> _Task details_
Counting the line with "Topacio Apartamentos" as the last one, copy out the lines of the data exactly from the first onward.

+===+

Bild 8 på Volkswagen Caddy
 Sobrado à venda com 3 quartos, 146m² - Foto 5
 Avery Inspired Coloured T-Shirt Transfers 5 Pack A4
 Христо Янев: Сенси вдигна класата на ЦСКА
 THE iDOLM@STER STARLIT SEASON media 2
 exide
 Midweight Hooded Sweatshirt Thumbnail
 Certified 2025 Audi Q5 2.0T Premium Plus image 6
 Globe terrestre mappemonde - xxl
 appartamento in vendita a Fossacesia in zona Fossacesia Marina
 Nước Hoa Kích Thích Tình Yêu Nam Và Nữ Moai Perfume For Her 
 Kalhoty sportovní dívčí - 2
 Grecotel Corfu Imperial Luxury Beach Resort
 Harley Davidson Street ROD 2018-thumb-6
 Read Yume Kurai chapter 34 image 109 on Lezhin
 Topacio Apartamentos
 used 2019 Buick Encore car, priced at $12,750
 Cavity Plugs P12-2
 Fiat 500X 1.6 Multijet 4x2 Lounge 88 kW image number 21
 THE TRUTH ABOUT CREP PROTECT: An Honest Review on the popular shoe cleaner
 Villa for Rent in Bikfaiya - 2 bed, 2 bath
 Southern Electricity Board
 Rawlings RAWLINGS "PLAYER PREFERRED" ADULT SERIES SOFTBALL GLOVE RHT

+===+

> _Result of this exercise_
Bild 8 på Volkswagen Caddy
 Sobrado à venda com 3 quartos, 146m² - Foto 5
 Avery Inspired Coloured T-Shirt Transfers 5 Pack A4
 Христо Янев: Сенси вдигна класата на ЦСКА
 THE iDOLM@STER STARLIT SEASON media 2
 exide
 Midweight Hooded Sweatshirt Thumbnail
 Certified 2025 Audi Q5 2.0T Premium Plus image 6
 Globe terrestre mappemonde - xxl
 appartamento in vendita a Fossacesia in zona Fossacesia Marina
 Nước Hoa Kích Thích Tình Yêu Nam Và Nữ Moai Perfume For Her 
 Kalhoty sportovní dívčí - 2
 Grecotel Corfu Imperial Luxury Beach Resort
 Harley Davidson Street ROD 2018-thumb-6
 Read Yume Kurai chapter 34 image 109 on Lezhin
 Topacio Apartamentos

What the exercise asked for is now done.